Thursday, July 28, 2011

Let's Talk About Sex

I haven't talked about sex.  It's been on my mind lately.  I'm always trying to understand why parents have such a hard time talking to their kids about sex.  I really don't have that problem.  I like talking about sex because I like the education of sex.  When I was younger I never had the "sex talk" with anyone.  I learned about sex through reading novels.  I must admit that is not the best way to learn about sex but it somehow worked for me.  I definitely don't want my kids learning about sex that way nor from their friends.  I was fortunate enough to understand the ups and downs of sex.  Many kids today are not as fortunate to comprehend that.  Kids are having sex much sooner and most times unprotected with multiple partners.  In my opinion, it is because their parents never talked to them about sex.  It's not enough to tell simply tell kids don't have sex.  Face it, they are already having sex by the time you decide to tell them that.  I think parents think that if they talk to their kids about sex then their kids are going to automatically want to experience sex.  The truth is actually the complete opposite, in most cases.  If you have the sex talk with your kids and tell them the truth about sex they are more likely to wait to have sex.  They will not be ashamed to ask you questions if you have an open dialogue.  For me it is not a challenge to talk about sex with my children because I have already opened the dialogue.  Some may ask why are you having the sex talk with your 5 year old.  The answer to that is simple...she was curious.  Now hold up before you go saying that I am promoting sex to a 5 year old listen to this.  Kids are curious, not about the act of sex, but about their bodies.  If your child comes up to you and ask you where babies come from your answer should not be God alone.  They are not asking you how we came to be, they are curious about where exactly did they come from.  At this point the talk should be very simple.  Babies come from sex.  Don't lie but don't you don't have to give them play by play details.  If you are confused about what to say maybe you shouldn't have babies in the first place.

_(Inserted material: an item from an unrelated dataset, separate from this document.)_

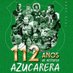 CALIMEÑO (@pizzerou2021) Twitter profile photo CALIMEÑO (@pizzerou2021) Twitter profile photo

So let's really talk about sex.  If you want to know how sex is defined, look it up.  My truth is...I enjoy sex.  I enjoy everything from foreplay to intercourse.  In my experience, the best sex I have ever has been the time when I have been in deep love with my partner.  It's better when you are in love with someone because you are having sex more intimately.  You are often more open with your partner the more in love the two of you are.  I like having spontaneous sex but I love having sex that is planned.  I mean think about it when you know that it is going to happen you should feel more excited.  The more excited you feel the greater the sex is going to be. You alter your day so that nothing is stressful or tense.  You cook, clean up and put the kids to bed early.  You are prepared to fulfill fantasies and learn new positions.  Everything about sex with someone you love is meaningful and more connected.  You get so into it that nothing else is on your mind.  You feel some kind of burning passion not unlike those sex novels that I read when I was a kid.  You are so focused on the sex that you forget that your day was maybe not so good or that the bills are due and you really don't have enough money.  None of that really matters when you are having that great sex.  You know the kind of sex that R. Kelly sings about.  The sex that makes you want to scream his name and mean it.  That rough kind of sex that makes you want to pull your own hair. HAHA!!

I can talk about sex all day everyday...but I'd rather be having it.